Il Basso Egitto restituisce ben 110 tombe che coprono un arco temporale lunghissimo di quasi 2500 anni, dalla preistoria agli Hyksos. La scoperta archeologica è avvenuta nel sito di Kom al-Khaljan, governatorato di Daqahliya, nella zona Delta, dove opera la missione archeologica guidata da Sayed Al-Talhawi. Le 110 tombe scoperte risalgono a tre diverse civiltà: la civiltà del Basso Egitto conosciuta come Bhutto/Buto 1 (3900-3700 a.C.) e Bhutto/Buto 2 (3700-3350 a.C.), la Civiltà di Naqada III (3500-3150 a.C.) e il secondo Periodo intermedio noto come periodo Hyksos (1720-1530 a.C.). “Questa scoperta”, ha spiegato Mustafa Waziri, segretario generale del Consiglio supremo delle antichità, “dà un importante contributo alla conoscenza storica e archeologica del sito: delle tombe trovate, 68 risalgono al periodo della civiltà del Basso Egitto, cinque tombe all’era di Naqada III e 37 tombe all’era di Hyksos. Siamo convinti che gli scavi continueranno a rivelare altri segreti di questa regione”. La missione ha anche scoperto una collezione di forni, stufe, resti di fondamenta in mattoni di fango, vasi di ceramica e amuleti, in particolare scarabei, alcuni dei quali erano fatti di pietre semipreziose e ornamenti come orecchini.

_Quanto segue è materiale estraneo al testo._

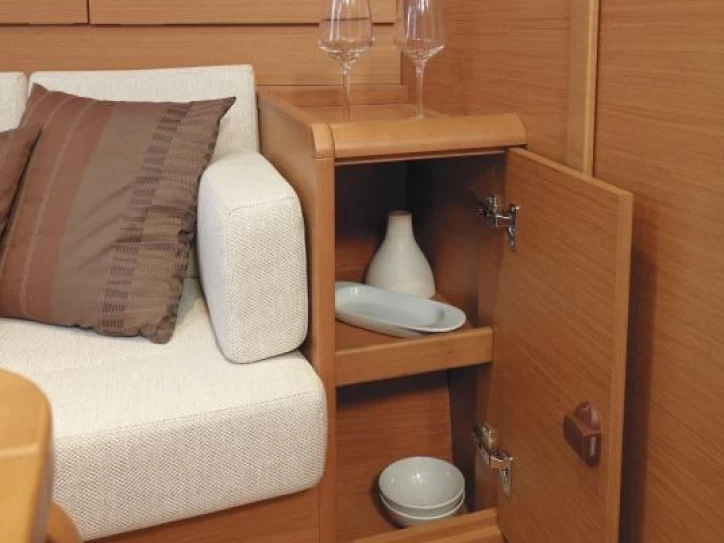 Uthyrning Salerno - Jeanneau Sun Odyssey 379 av Samboat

Una tomba a fossa ovale con sepoltura accovacciata scoperta nel sito di Kom al-Khalian, nel Delta, e risalente alla civiltà di Buto (foto ministry of Tourism and Antiquities)

Tombe della civiltà di Buto. “Le 68 tombe”, ha aggiunto Ayman Ashmawi, capo del settore delle antichità egizie dello Sca, “sono fosse di forma ovale scavate nello strato sabbioso dell’isola deltizia e contengono persone sepolte in una posizione accovacciata, la maggior parte delle quali giaceva sul lato sinistro con la testa rivolta verso Ovest. Sono state anche scoperti i resti di un bambino sepolto all’interno di un vaso di argilla del periodo Bhutto 2, insieme a un piccolo vaso di argilla sferico”.

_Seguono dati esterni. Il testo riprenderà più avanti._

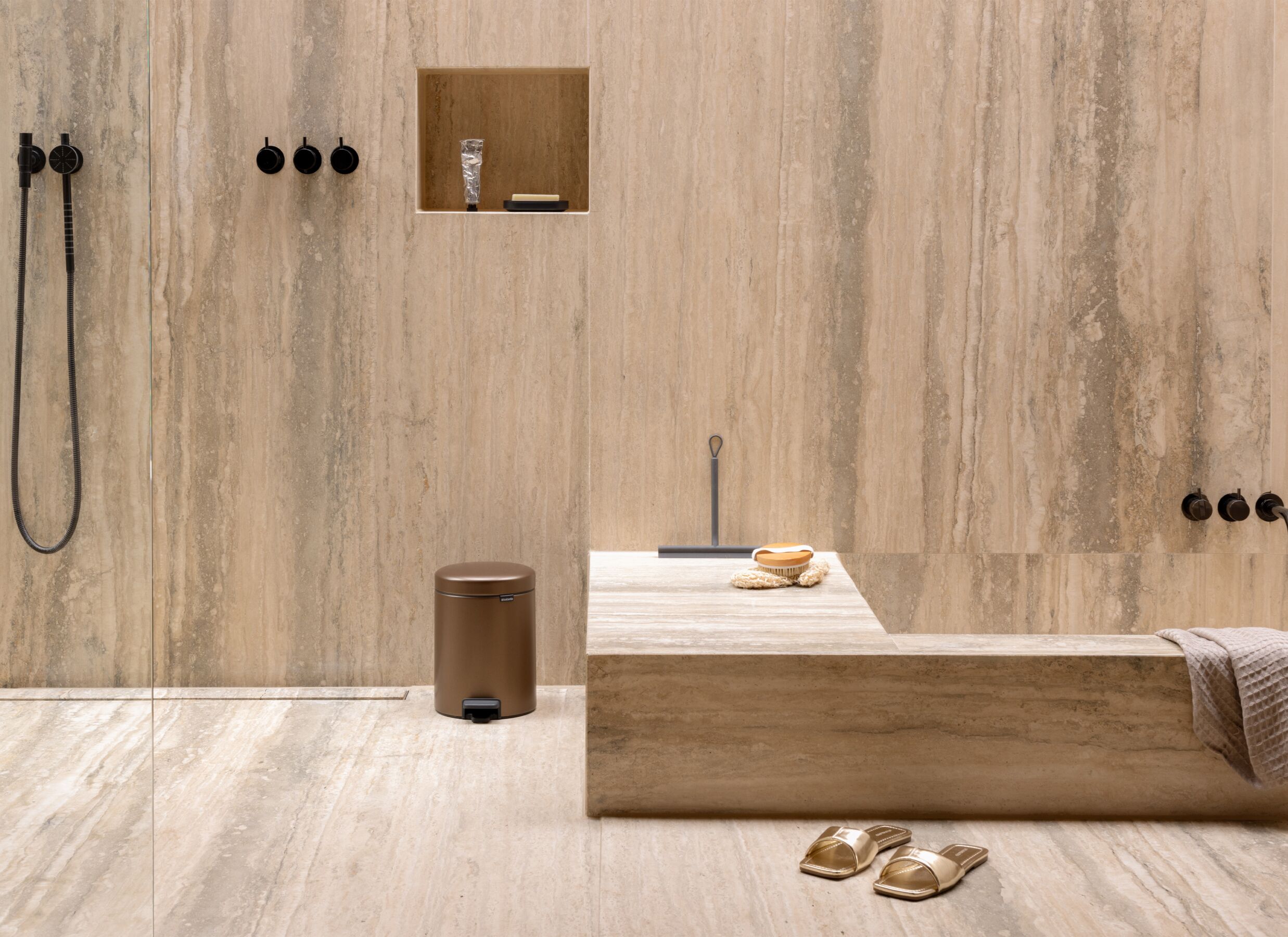 Sfeerfoto - Pedaalemmer NewIcon Brabantia 5L - warm bronze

Tomba a fossa ovale risalente alla civiltà di Naqata III rinvenuta nel sito di Kom al-khaljan, nel Delta (foto ministry of Tourism and Antiquities)

Tombe di Naqada III. “Le cinque tombe, che risalgono al periodo di Naqada III, sono anch’esse fosse di forma ovale scavate nello strato sabbioso dell’isola deltizia”, ha precisato sempre Ayman Ashmawi, “comprese due tombe che avevano i lati, il fondo e il tetto, coperti da uno strato di argilla. All’interno delle fosse, la missione ha trovato un gruppo di arredi funerari caratteristici di questo periodo, vasi cilindrici e triangolari, oltre alla ciotola del kohl, la cui superficie era decorata con disegni e forme geometriche”.

Vaso in ceramica rinvenuto nel sito di Kom al-Khaljan, nel Delta (foto ministry of Tourism and Antiquities)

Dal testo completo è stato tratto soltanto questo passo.